## 10 April 2010

### TRIE data structure Part 5 : Complexity Analysis

Now that we've seen the basic operations on how to work with a TRIE, we shall now see the space and time complexities in order to get a real feel of how good a TRIE data structure is. Lets take the two important operations INSERT and SEARCH to measure the complexity.

INSERT operation first. Lets always take into account the worst case timing first and later convince ourselves of the practical timings. For every Node in the TRIE we had something called as Collection where the Collection can be either a Set or a List. If we choose Set, the order of whatever operation we perform over that will be in O(1) time, whereas if we use a LinkedList the number of comparisons at worst will be 26 (the number of alphabets). So for moving from one node to another, there will be at least 26 comparisons will be required at each step.

Having these in mind, for inserting a word of length 'k' we need (k * 26) comparisons. By Applying the Big O notation it becomes O(k) which will be again O(1). Thus insert operations are performed in constant time irrespective of the length of the input string (this might look lik an understatement, but if we make the length of the input string a worst case maximum, this sentence holds true).

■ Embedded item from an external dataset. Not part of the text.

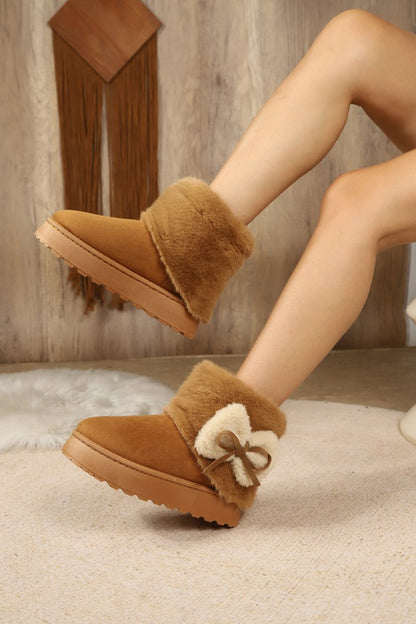 Women's New Export Round Toe Cuffed Furry Ankle Snow Boots, Cross-Border Platform Warm Fleece Lined Thickened Cotton Boots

Same holds true for the search operation as well. The search operation exactly performs the way the insert does and its order is O(k*26) = O(1).

Unknown said...

Hey, How come O(k) became O(1) in the above explanation? Could you pls clarify me?

BragBoy said...

@chiranjeevi:
To understand this, you will have to have a deep knowledge on what "Order" means. The Big O notation is used to tell how the complexity increases according to the increase in the input space. For TRIE ADT, the input space is the number of words that we use. Assume we have 10 words, the insert operation will take a total of its word length multiplied by the 26 letters in the linked list. Which will be equal to k*26. Applying Big O we have O(k*26) = O(1). The reason is this does not depend upon the increase in the number of words that the TRIE is going to have.
Even if the TRIE has a billion words, the insert operation will take a constant time of k*26 which is irrespective of 'n'. So, if you plot a curve you could see that its constant and in Big O terms, it is called as O(1) or constant time insertion.
Hope this helps.

Unknown said...

Thankyou very much for the clarification. Now, I got it.

BragBoy said...

@chiranjeevi: Happy to help!

Balaji, said...

is ther c code for this..

Anonymous said...

Very good explanation. To the point and in Java :)

Very well explained!! great post.

BragBoy said...

Thanks Ramya for stopping by!

Unknown said...

Can you give me any idea how can i compare 2 tries?

Unknown said...

Excellent job. You should write a book on all data structures. Another thing is that you wrote the algo..after giving the code for insert and search. If algo could have been discussed first, it would have been a bit easier to understand for new bees like me.
Anyways, it was very good.
Thanks.